> _Work item_
Leaving out the pictures, please retype each record exactly.

■ ■ ■ ■

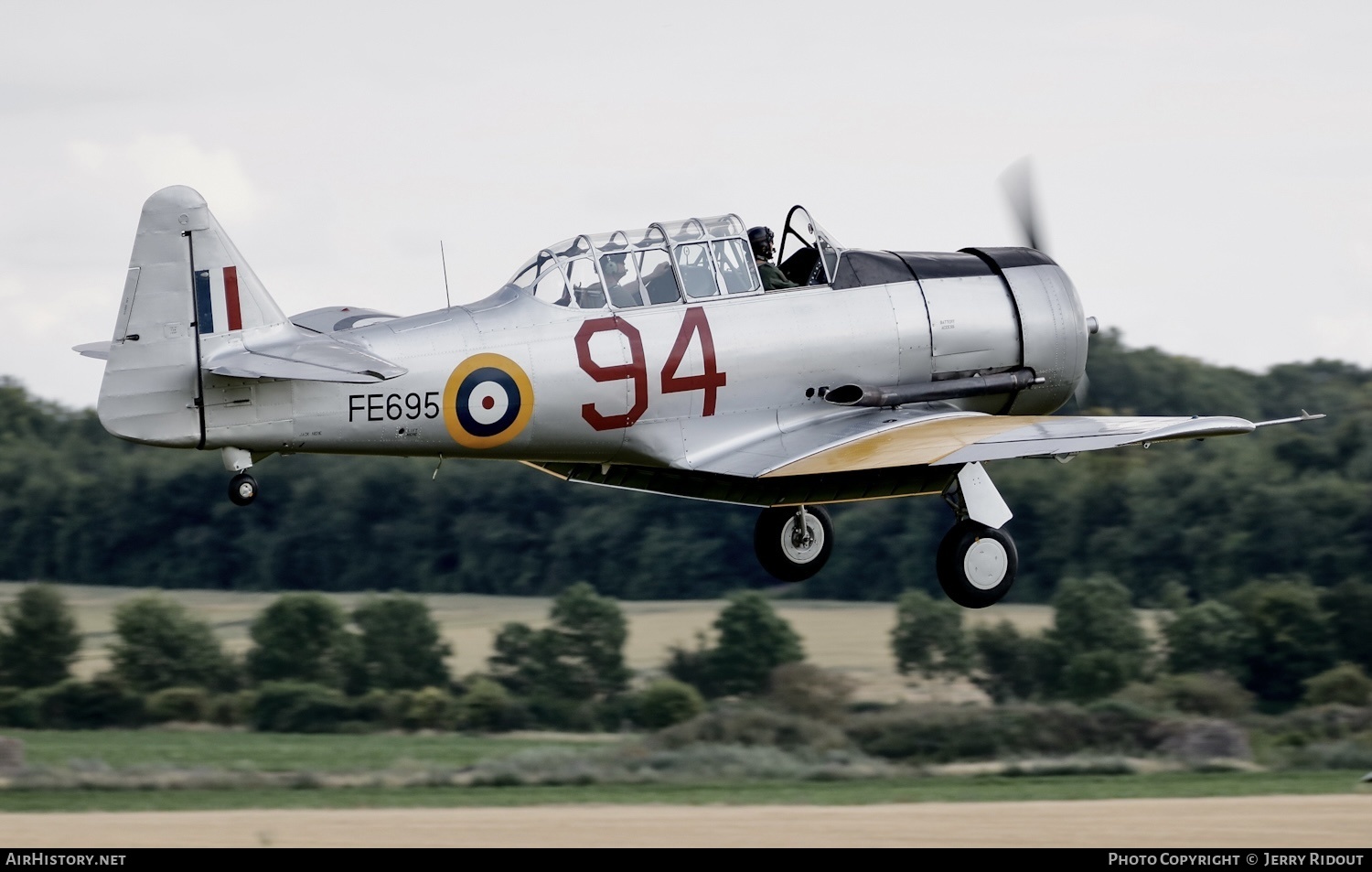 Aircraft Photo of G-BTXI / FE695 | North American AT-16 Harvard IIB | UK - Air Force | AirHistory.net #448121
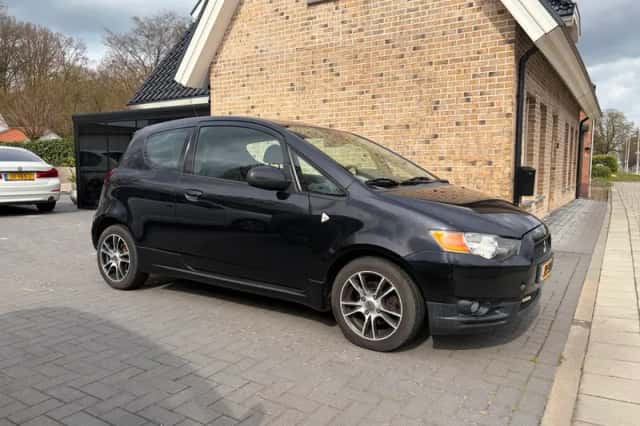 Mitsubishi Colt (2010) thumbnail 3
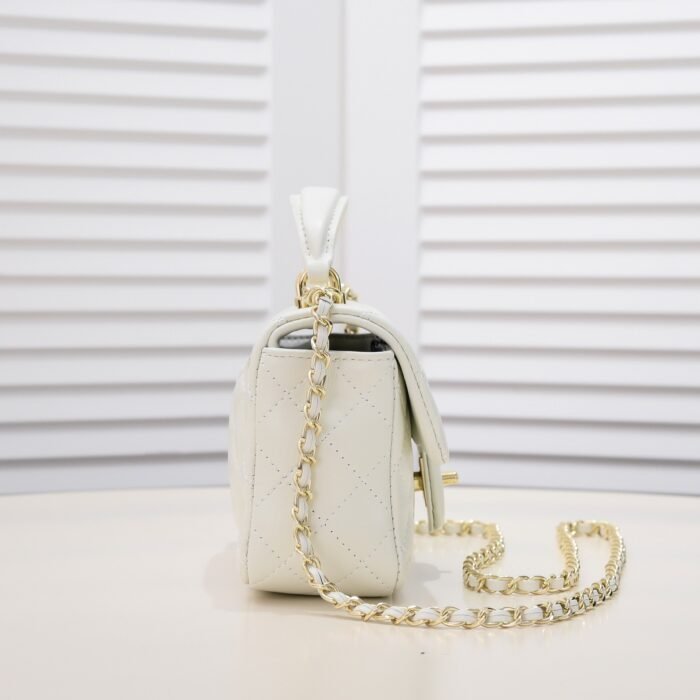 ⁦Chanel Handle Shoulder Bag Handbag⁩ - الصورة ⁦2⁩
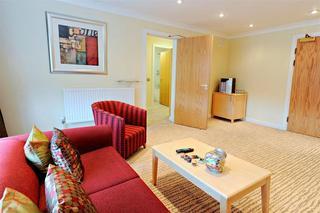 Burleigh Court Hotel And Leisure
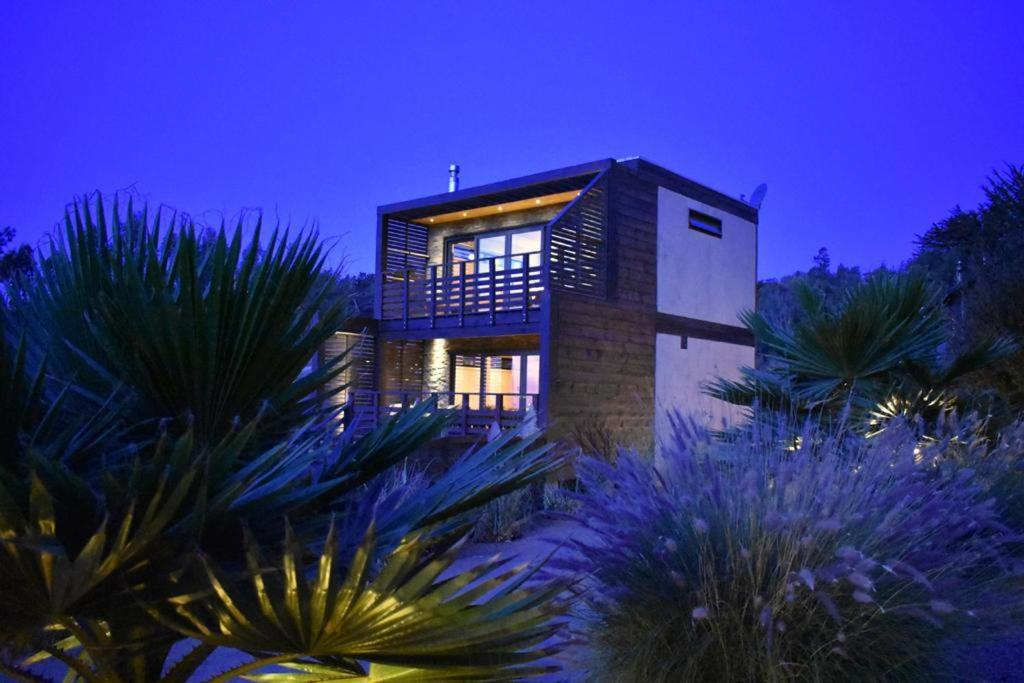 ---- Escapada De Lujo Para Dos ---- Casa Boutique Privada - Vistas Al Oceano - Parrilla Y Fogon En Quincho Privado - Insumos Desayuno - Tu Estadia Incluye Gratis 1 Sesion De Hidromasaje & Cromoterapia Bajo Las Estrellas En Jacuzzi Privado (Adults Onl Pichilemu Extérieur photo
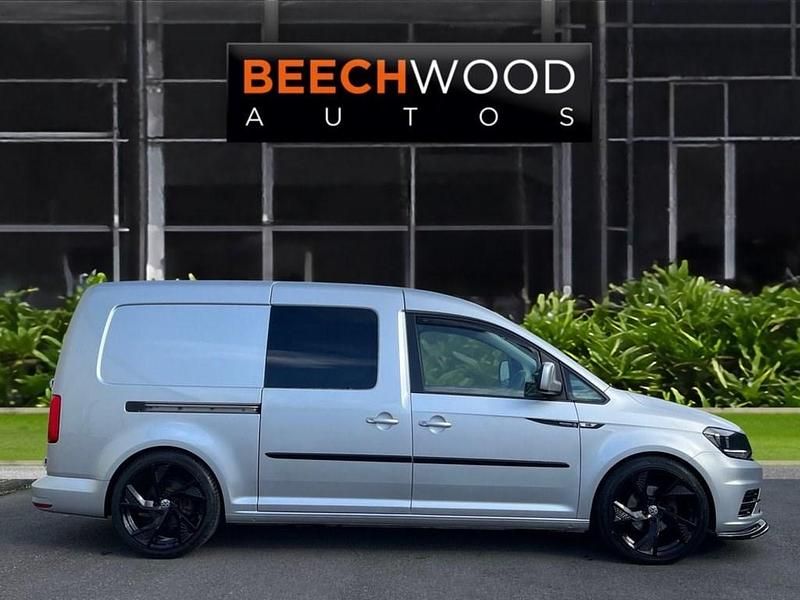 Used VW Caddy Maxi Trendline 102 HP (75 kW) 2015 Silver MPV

■ ■ ■ ■

> _Solution for this problem_
 Aircraft Photo of G-BTXI / FE695 | North American AT-16 Harvard IIB | UK - Air Force | AirHistory.net #448121
 Mitsubishi Colt (2010) thumbnail 3
 ⁦Chanel Handle Shoulder Bag Handbag⁩ - الصورة ⁦2⁩
 Burleigh Court Hotel And Leisure
 ---- Escapada De Lujo Para Dos ---- Casa Boutique Privada - Vistas Al Oceano - Parrilla Y Fogon En Quincho Privado - Insumos Desayuno - Tu Estadia Incluye Gratis 1 Sesion De Hidromasaje & Cromoterapia Bajo Las Estrellas En Jacuzzi Privado (Adults Onl Pichilemu Extérieur photo
 Used VW Caddy Maxi Trendline 102 HP (75 kW) 2015 Silver MPV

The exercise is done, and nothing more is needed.